As evident by the graph above there were some clear winners and some clear losers. Focusing on the winners, we can see a few algorithms that really stand out, namely HNSWlib (yellow) and NGT-panng (red) both of which performed at a high accuracy and a high speed. Even though NGT never finished, the results do indicate it was performing exceptionally well prior to a memory-related failure.
So given these results, we now know which algorithms to pick for our next project right?

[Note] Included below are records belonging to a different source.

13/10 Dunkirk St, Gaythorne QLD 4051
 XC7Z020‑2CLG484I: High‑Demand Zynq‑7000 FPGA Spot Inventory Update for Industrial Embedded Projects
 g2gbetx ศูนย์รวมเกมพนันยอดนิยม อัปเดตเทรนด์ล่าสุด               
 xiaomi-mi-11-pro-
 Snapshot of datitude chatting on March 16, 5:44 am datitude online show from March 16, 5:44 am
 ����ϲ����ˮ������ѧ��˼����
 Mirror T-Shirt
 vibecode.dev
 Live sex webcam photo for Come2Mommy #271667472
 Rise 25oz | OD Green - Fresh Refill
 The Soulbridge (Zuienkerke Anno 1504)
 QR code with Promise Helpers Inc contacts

Unfortunately, this graph doesn’t depict the full story when it comes to the efficiency and accuracy of these ANN implementations. Whilst HNSWlib and NGT-panng can perform quickly and accurately, that is only after they have been built. “Build time” refers to the length of time that is required for the algorithm to construct its index and begin querying neighbors. Depending on the implementation of the algorithm, build time can be a few minutes or a few hours. Graphed below is the average algorithm build time for our benchmark excluding Faiss-HNSW which took 1491 minutes to build (about 24 hours):
As we can see the picture changes substantially when we account for the time spend “building” the algorithm’s indexes. This index is essentially a roadmap for the algorithm to follow on its journey to find the nearest-neighbor. It allows the algorithm to take shortcuts, accelerating the time taken to find a solution. Depending on the size of the dataset and how intricate and comprehensive this roadmap is, build-time can be between a matter of seconds and a number of days. Although accuracy is always a top priority, depending on the circumstances it may be advantageous to choose between algorithms that build quickly or algorithms that run quickly:
- Scenario #1: You have a dataset that updates regularly but isn’t queried often, such as a school’s student attendance record or a government’s record of birth certificates. In this case, you wouldn’t want an algorithm that builds slowly because each time more data is added to the set, the algorithm must rebuild it’s index to maintain a high accuracy. If your algorithm builds slowly this could waste valuable time and energy. Algorithms such as Faiss-IVF are perfect here because they build fast and are still very accurate.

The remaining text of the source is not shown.